Using the refined SQL in a workflow:

Refined SQL:
SELECT c.name, COUNT(o.order_id) AS order_count
FROM customers c
JOIN orders o ON c.customer_id = o.customer_id
GROUP BY c.customer_id, c.name
HAVING COUNT(o.order_id) > 5;

In a real workflow:
1. We would execute this SQL against the database
2. Process the results for the user
3. Store the execution metrics for future optimization

Optimization insights for the user:
- **Corrected Grouping**: The original query grouped by `c.name`, which could lead to incorrect results if there are customers with the same name.
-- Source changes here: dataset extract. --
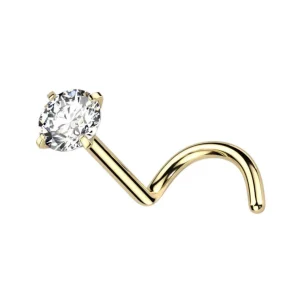 Nenänappi 1mm, Titanium Gold 3mm CZ -titaaninen nenänappi (kulta)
Grouping by `c.customer_id` ensures that each customer is uniquely identified.
- **Explicit Count**: Changed `COUNT(*)` to `COUNT(o.order_id)` to explicitly count the number of orders per customer, which is more semantically clear.
- **Index Usage**: The query benefits from the existing index on `orders.customer_id` (`idx_orders_customer`), which helps speed up the join operation.
- **Readability**: The query is formatted for 

## 10. Conclusion

This notebook demonstrates how the `MemoryAgentTool` allows a SQL refiner agent to improve and optimize queries while maintaining context through memory. The key features demonstrated include:

1. Reading schema, original SQL, and error information from memory before refinement
2. Using execution feedback to guide refinements
3. Storing optimized SQL and optimization notes after agent execution
4. Maintaining a history of refinements for context and learning

The SQL refiner agent demonstrated three key capabilities:
1. **Optimization**: Improving a working but suboptimal query
2. **Error correction**: Fixing syntax and schema-related errors
3. **Results-driven refinement**: Adjusting queries based on unexpected execution results

This pattern is essential in real-world text-to-SQL workflows, where initial SQL generation may not be perfect and requires iterative refinement based on database feedback.